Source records
--
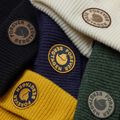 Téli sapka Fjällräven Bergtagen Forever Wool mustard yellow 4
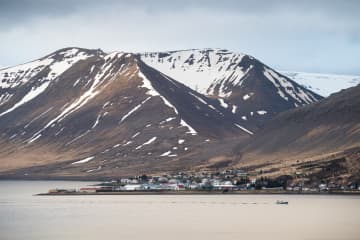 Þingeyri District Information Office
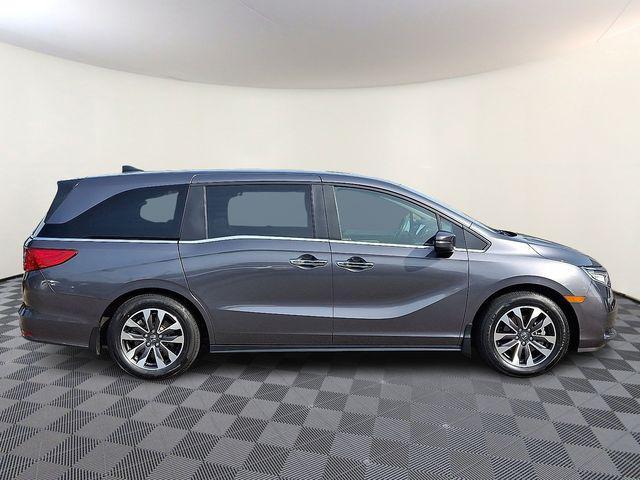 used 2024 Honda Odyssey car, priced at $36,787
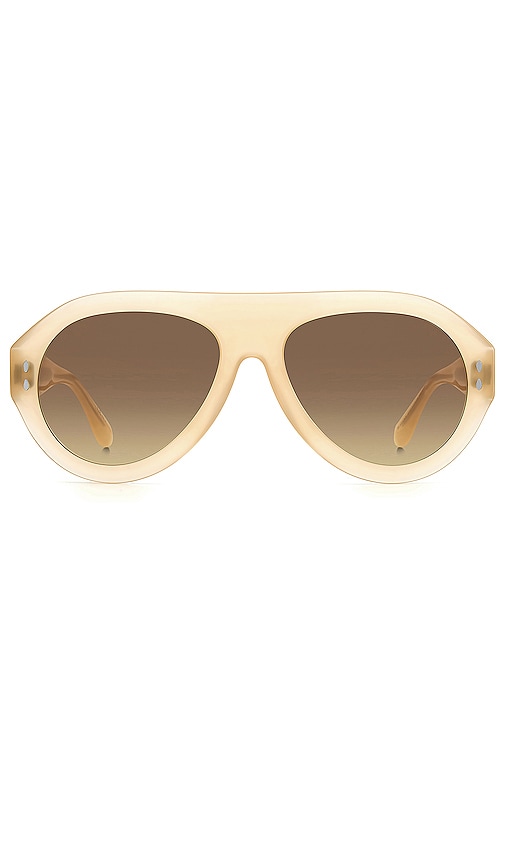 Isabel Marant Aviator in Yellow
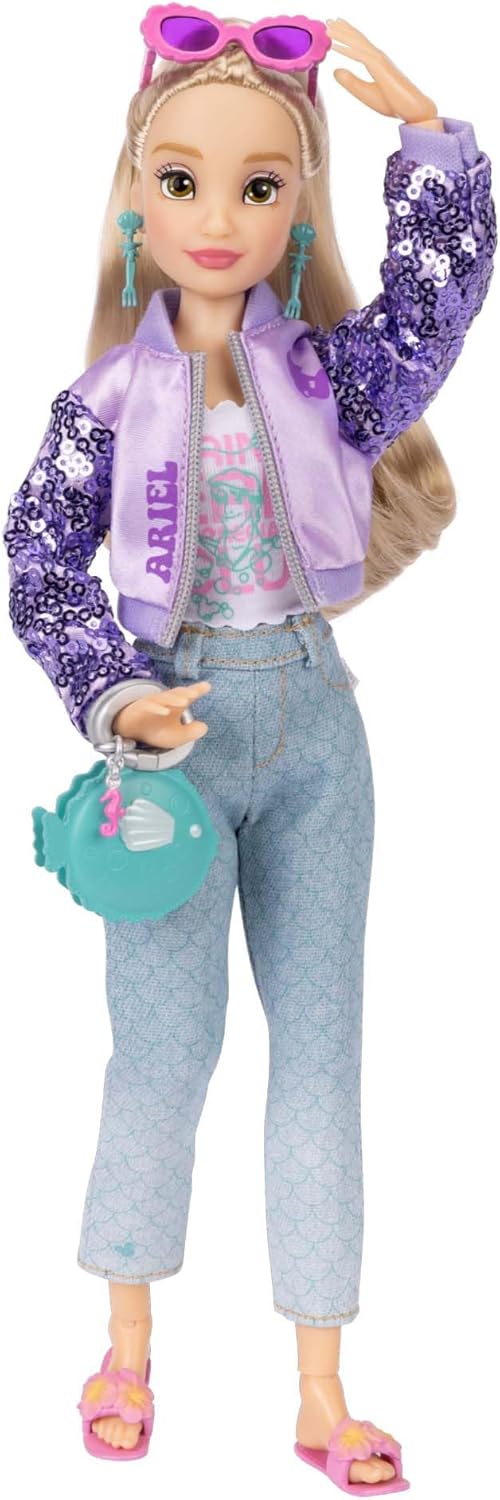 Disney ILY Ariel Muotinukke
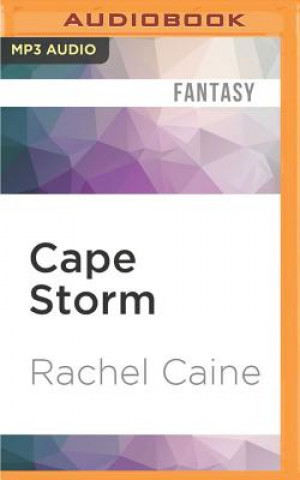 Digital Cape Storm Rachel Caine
--
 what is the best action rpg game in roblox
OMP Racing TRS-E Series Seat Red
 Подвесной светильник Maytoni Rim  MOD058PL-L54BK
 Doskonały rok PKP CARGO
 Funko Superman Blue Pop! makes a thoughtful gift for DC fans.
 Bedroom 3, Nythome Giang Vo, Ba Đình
--
— Task to complete —
In the entries above, find the line with "used 2024 Honda" and the line with "Digital Cape Storm Rachel Caine". Write out exactly those two lines and every line between them, pictures excluded.

— Output below —
 used 2024 Honda Odyssey car, priced at $36,787
 Isabel Marant Aviator in Yellow
 Disney ILY Ariel Muotinukke
 Digital Cape Storm Rachel Caine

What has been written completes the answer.